In the entries below, find the line with "1024px-Minister_Joanna_Mucha1" and the line with "Mit dem neuen"; give again those lines and every line between them, exactly.

- Material for this exercise
((

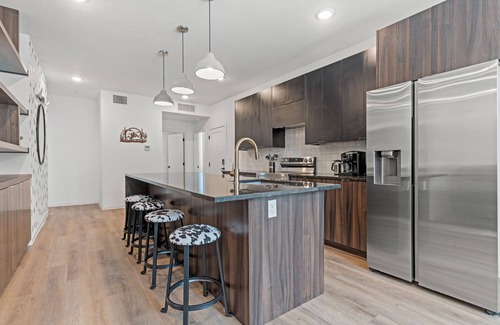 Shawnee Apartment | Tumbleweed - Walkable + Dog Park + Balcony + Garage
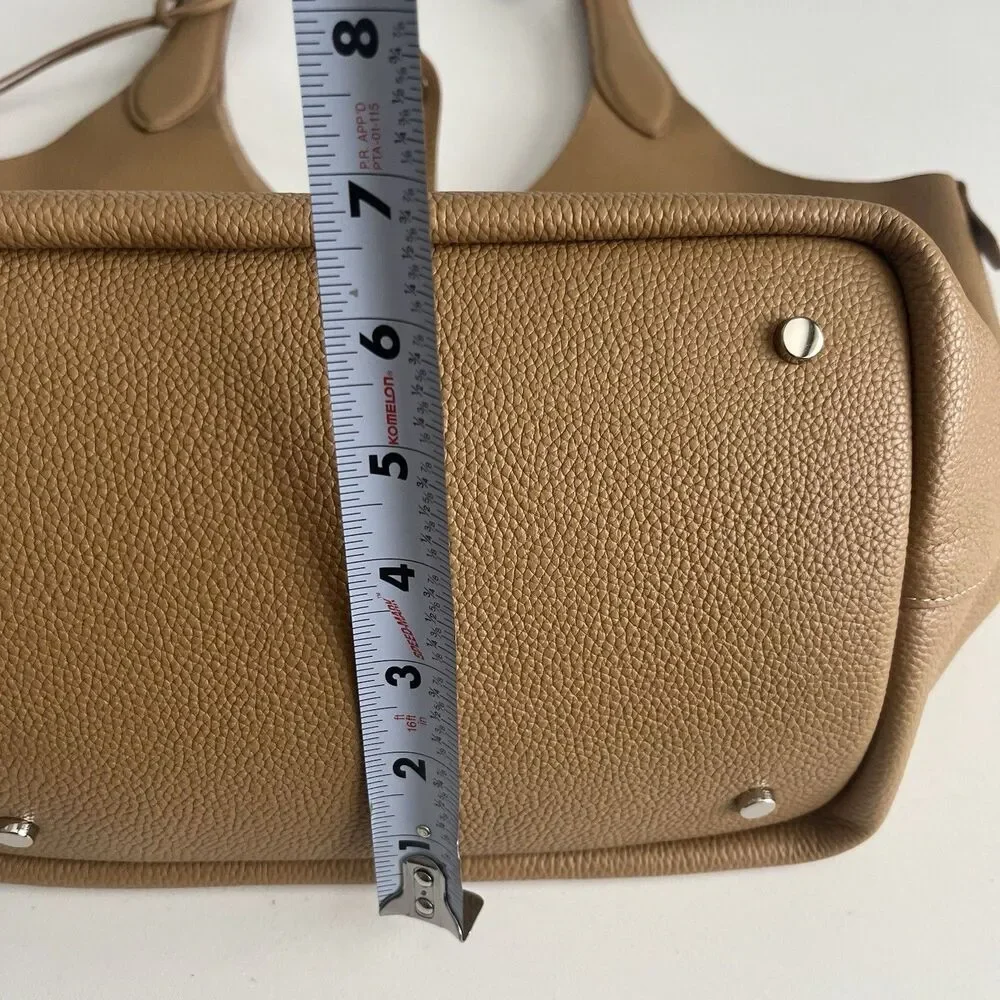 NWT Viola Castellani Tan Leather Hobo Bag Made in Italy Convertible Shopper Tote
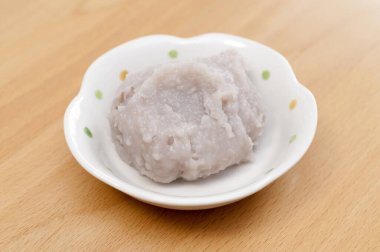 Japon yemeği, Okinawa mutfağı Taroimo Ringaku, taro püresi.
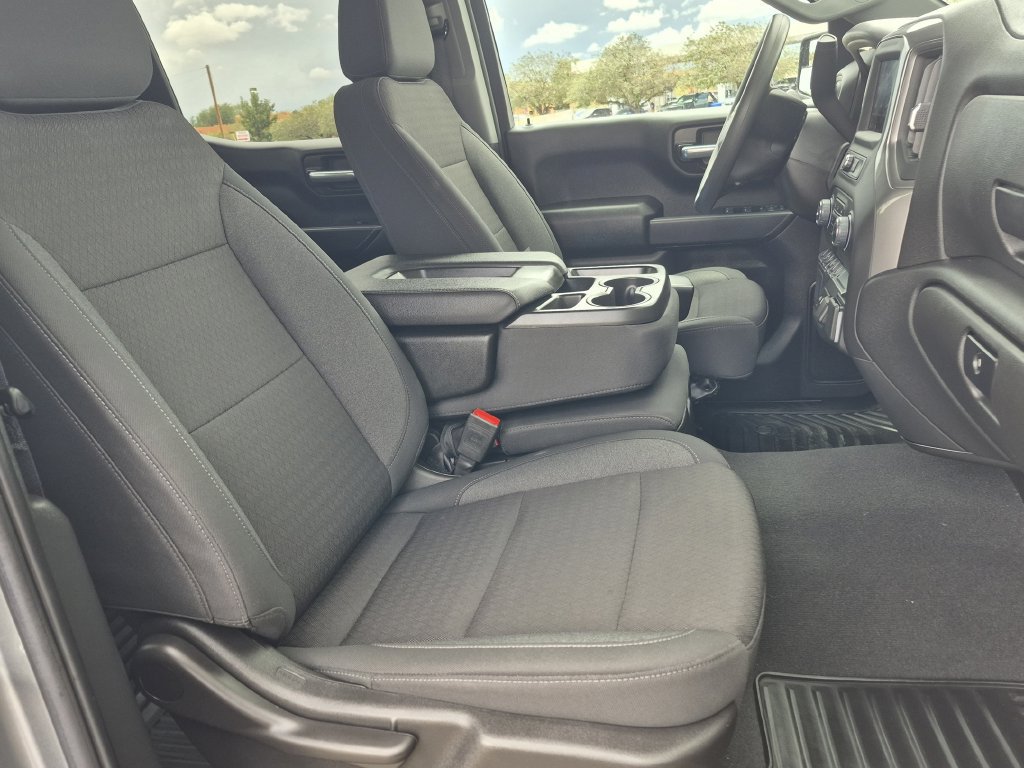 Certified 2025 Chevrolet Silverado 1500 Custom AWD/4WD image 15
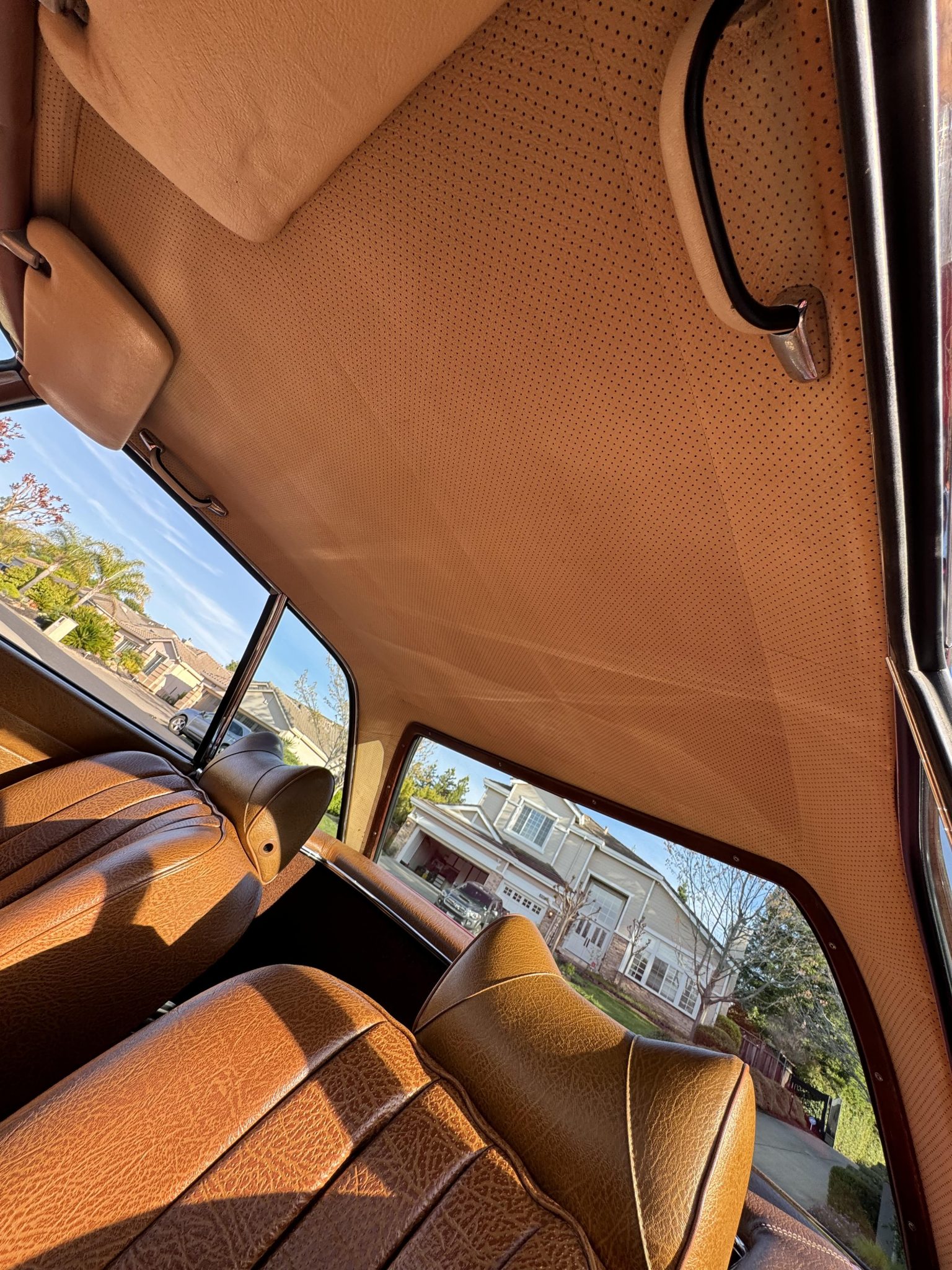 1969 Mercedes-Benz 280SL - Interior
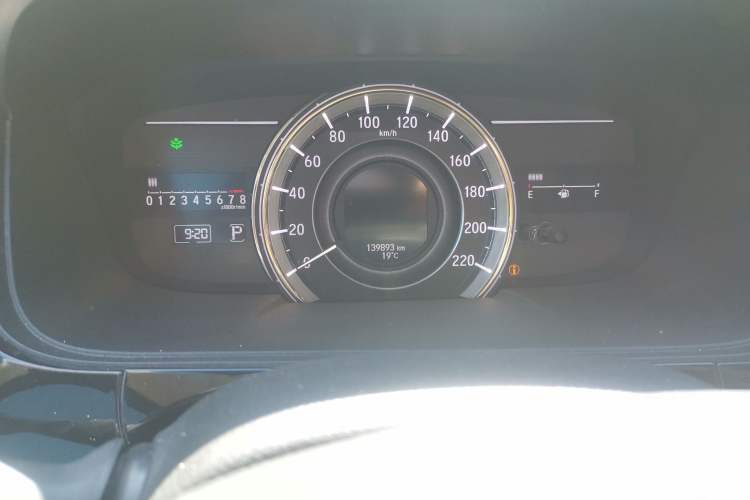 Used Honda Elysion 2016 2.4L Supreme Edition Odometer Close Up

))
((

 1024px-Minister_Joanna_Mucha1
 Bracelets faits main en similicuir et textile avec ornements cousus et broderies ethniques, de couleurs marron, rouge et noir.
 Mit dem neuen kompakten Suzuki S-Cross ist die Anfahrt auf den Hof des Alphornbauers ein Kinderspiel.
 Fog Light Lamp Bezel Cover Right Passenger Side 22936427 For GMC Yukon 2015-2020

))
((

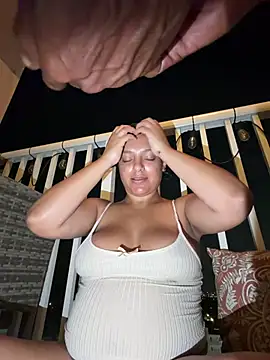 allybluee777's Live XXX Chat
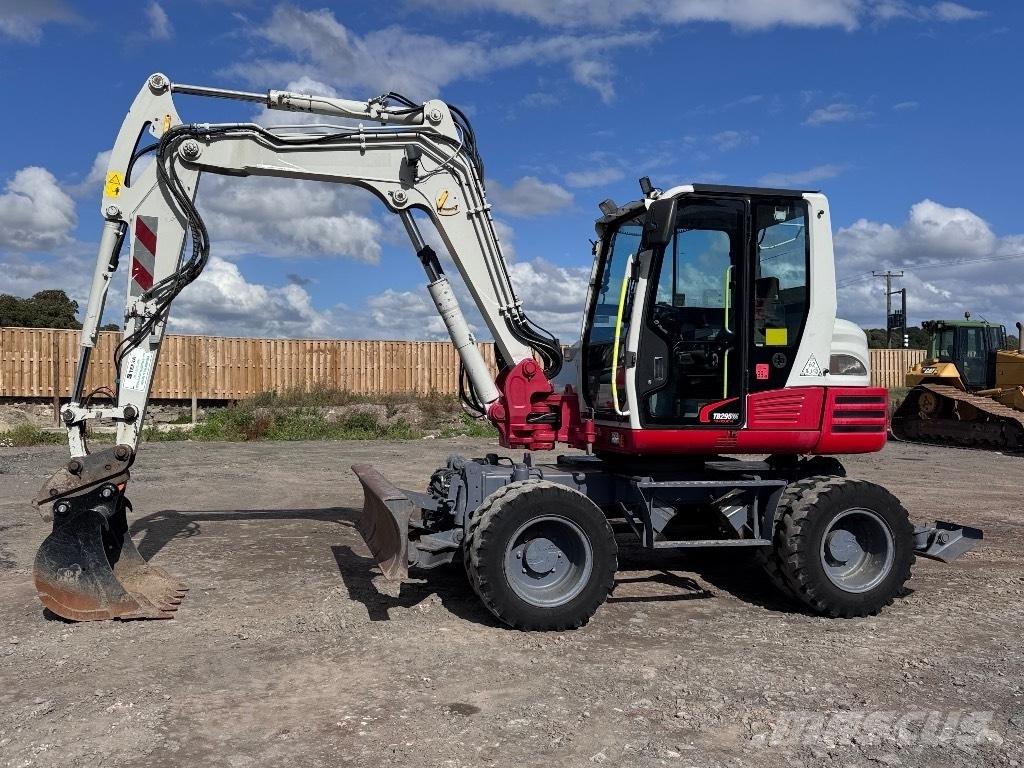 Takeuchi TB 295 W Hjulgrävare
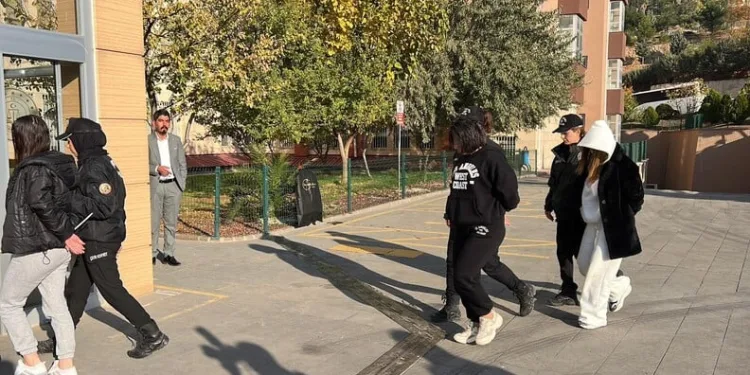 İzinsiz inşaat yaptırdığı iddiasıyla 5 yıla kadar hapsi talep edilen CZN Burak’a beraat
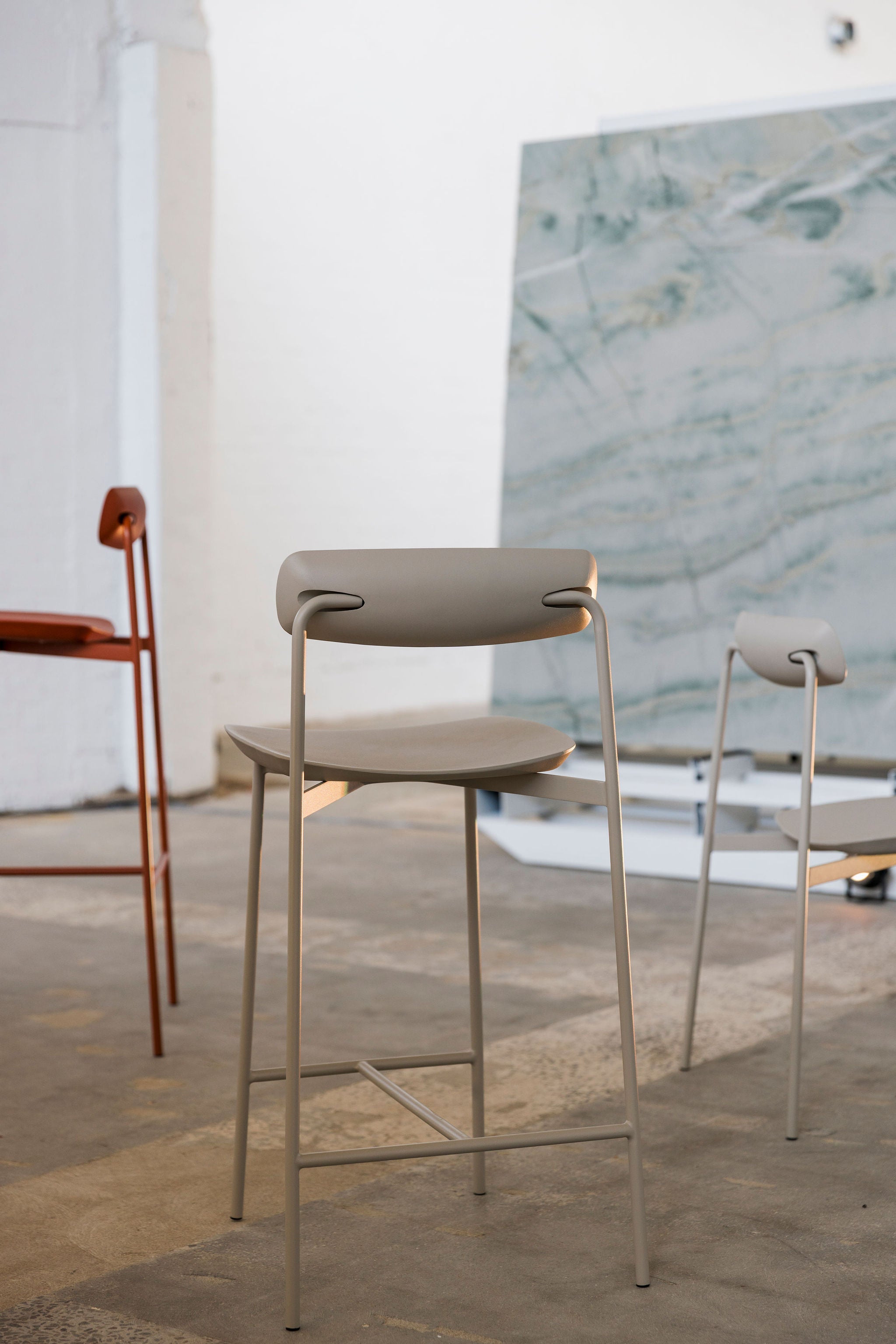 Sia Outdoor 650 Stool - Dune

))

- Result of the exercise
 1024px-Minister_Joanna_Mucha1
 Bracelets faits main en similicuir et textile avec ornements cousus et broderies ethniques, de couleurs marron, rouge et noir.
 Mit dem neuen kompakten Suzuki S-Cross ist die Anfahrt auf den Hof des Alphornbauers ein Kinderspiel.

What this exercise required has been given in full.